MATERIAL SUPPLIED —

#####

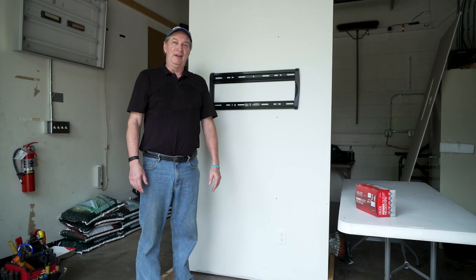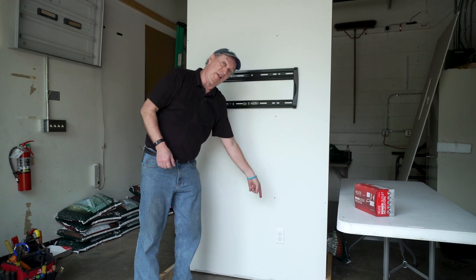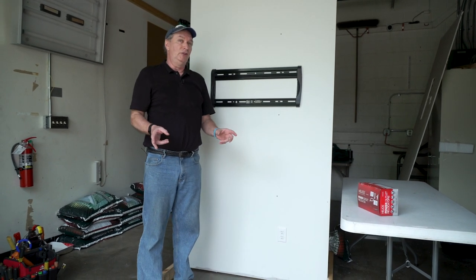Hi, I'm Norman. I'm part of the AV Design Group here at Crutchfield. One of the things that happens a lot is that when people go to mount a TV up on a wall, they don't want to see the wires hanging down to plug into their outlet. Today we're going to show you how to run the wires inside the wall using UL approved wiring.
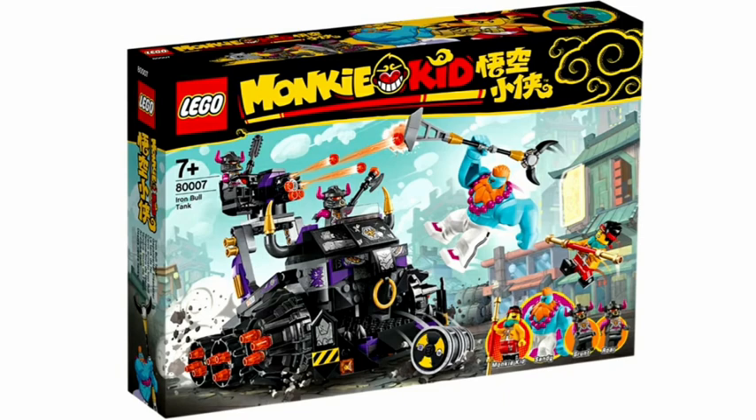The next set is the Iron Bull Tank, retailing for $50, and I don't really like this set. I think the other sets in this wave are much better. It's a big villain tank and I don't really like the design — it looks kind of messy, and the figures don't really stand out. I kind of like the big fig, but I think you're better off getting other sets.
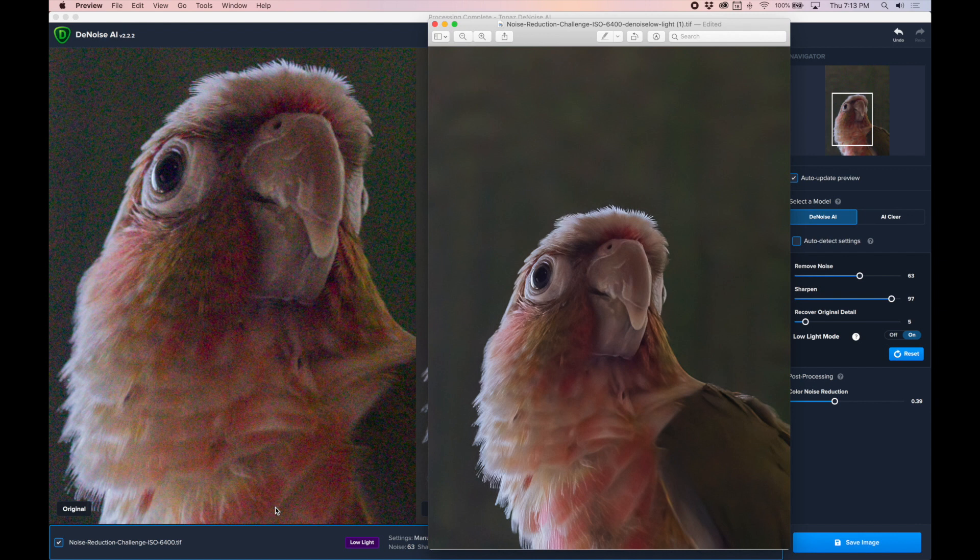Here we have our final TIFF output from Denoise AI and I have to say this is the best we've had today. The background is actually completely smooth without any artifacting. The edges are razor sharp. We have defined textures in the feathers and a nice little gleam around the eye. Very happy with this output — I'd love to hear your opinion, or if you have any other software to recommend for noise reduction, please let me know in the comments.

#####

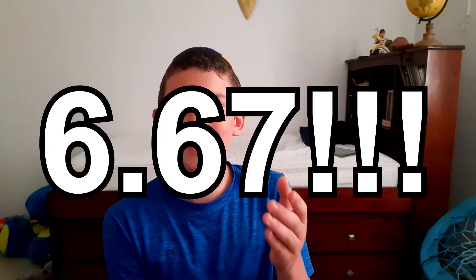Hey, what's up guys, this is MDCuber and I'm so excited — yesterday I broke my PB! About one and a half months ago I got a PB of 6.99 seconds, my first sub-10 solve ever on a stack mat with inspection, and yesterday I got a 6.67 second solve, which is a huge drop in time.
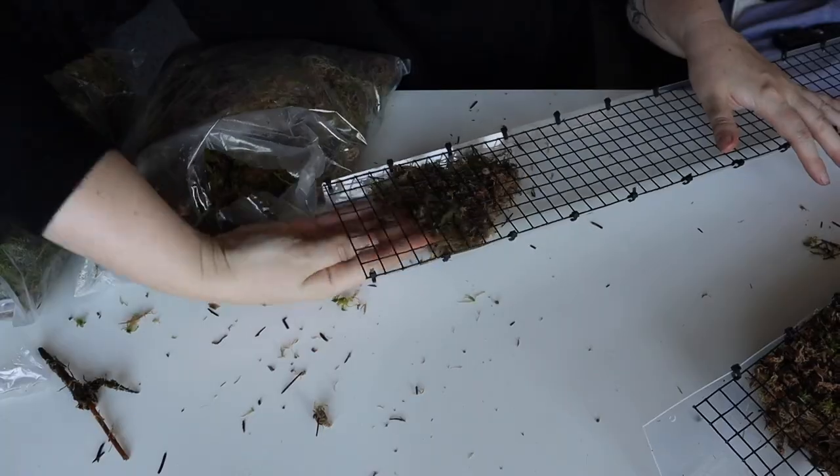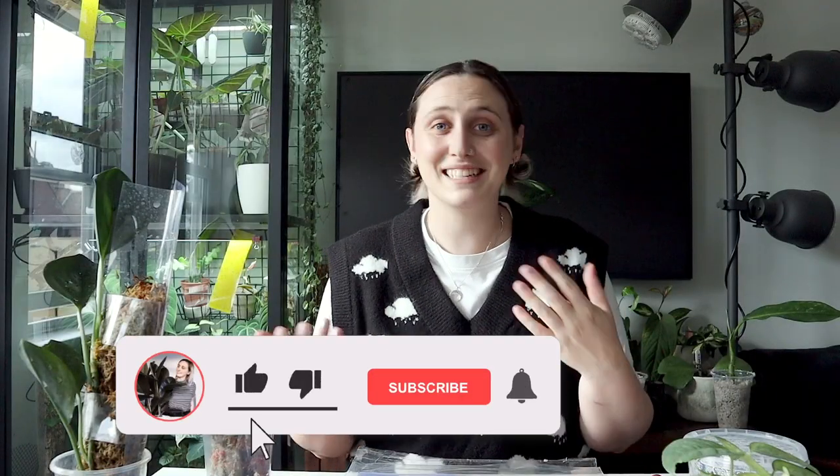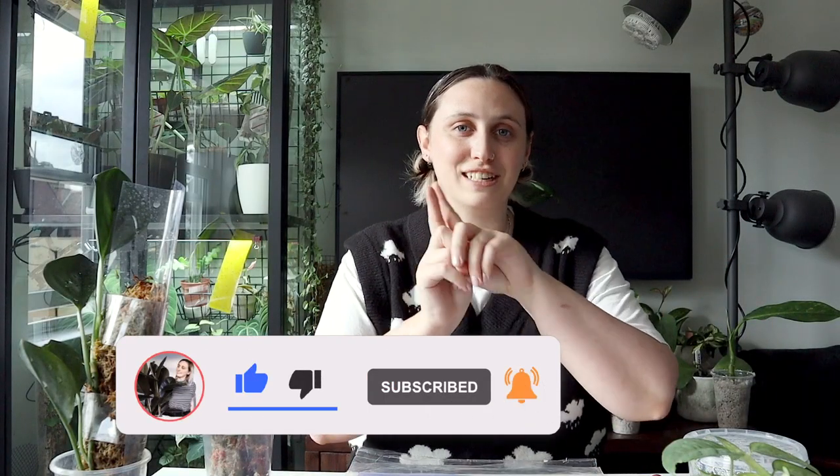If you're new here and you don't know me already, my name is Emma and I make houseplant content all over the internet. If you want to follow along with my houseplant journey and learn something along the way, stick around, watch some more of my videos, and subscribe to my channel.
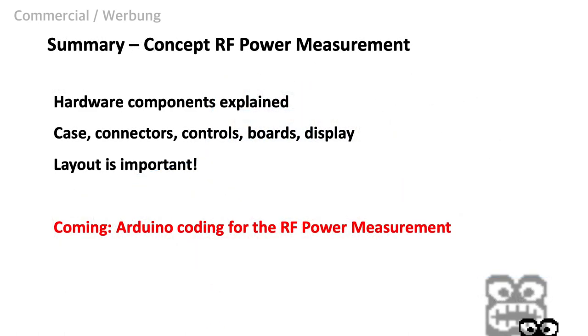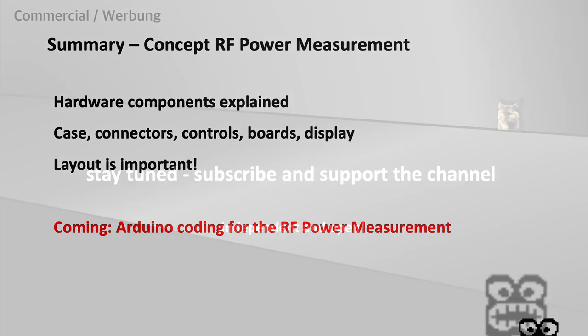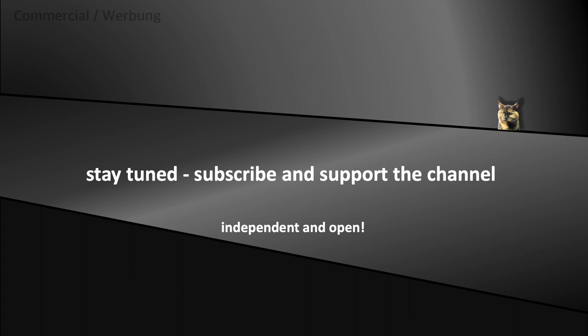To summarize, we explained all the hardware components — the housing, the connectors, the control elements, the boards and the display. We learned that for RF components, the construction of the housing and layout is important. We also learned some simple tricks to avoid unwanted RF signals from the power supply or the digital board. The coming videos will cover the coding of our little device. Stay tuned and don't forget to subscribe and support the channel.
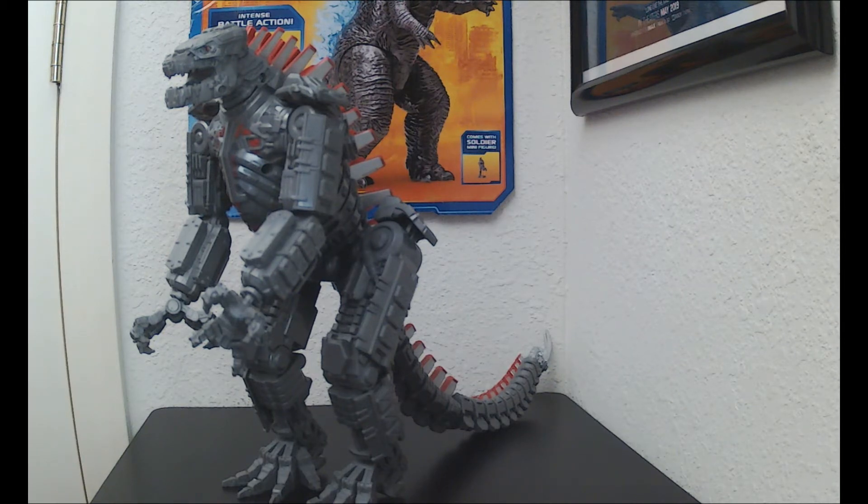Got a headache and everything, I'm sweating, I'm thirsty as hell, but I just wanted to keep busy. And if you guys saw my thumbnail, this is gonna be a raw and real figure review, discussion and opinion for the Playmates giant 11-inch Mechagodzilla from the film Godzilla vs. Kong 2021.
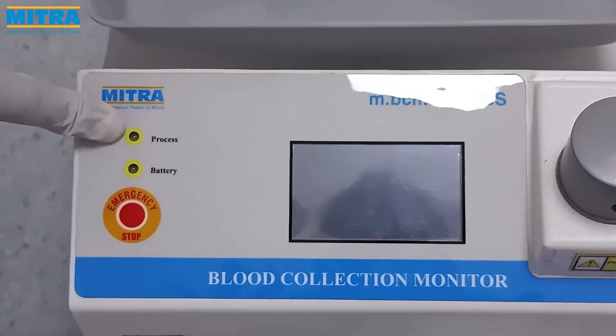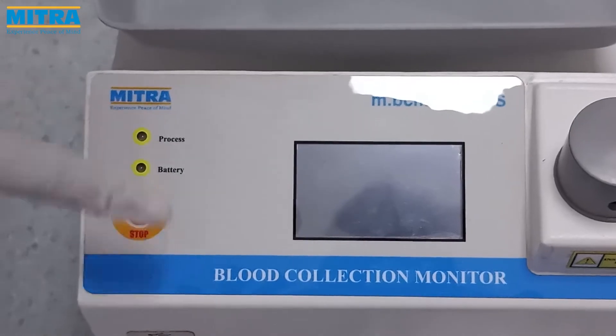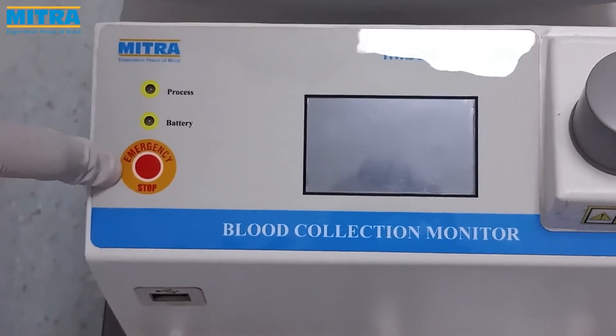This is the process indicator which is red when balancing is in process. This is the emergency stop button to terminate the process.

#####

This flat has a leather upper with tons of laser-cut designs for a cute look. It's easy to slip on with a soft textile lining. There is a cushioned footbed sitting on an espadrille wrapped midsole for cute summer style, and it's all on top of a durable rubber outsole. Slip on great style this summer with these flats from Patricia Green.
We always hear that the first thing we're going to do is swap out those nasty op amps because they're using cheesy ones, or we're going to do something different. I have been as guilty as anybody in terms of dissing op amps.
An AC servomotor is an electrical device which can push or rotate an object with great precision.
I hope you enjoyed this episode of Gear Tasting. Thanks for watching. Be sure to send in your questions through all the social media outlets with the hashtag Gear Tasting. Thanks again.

#####

PROBLEM DETAILS —
Could you return exactly the lines above from the line with "We always hear" to the line with "An AC servomotor", both included, and nothing else?

OUTPUT OF THE TASK —
We always hear that the first thing we're going to do is swap out those nasty op amps because they're using cheesy ones, or we're going to do something different. I have been as guilty as anybody in terms of dissing op amps.
An AC servomotor is an electrical device which can push or rotate an object with great precision.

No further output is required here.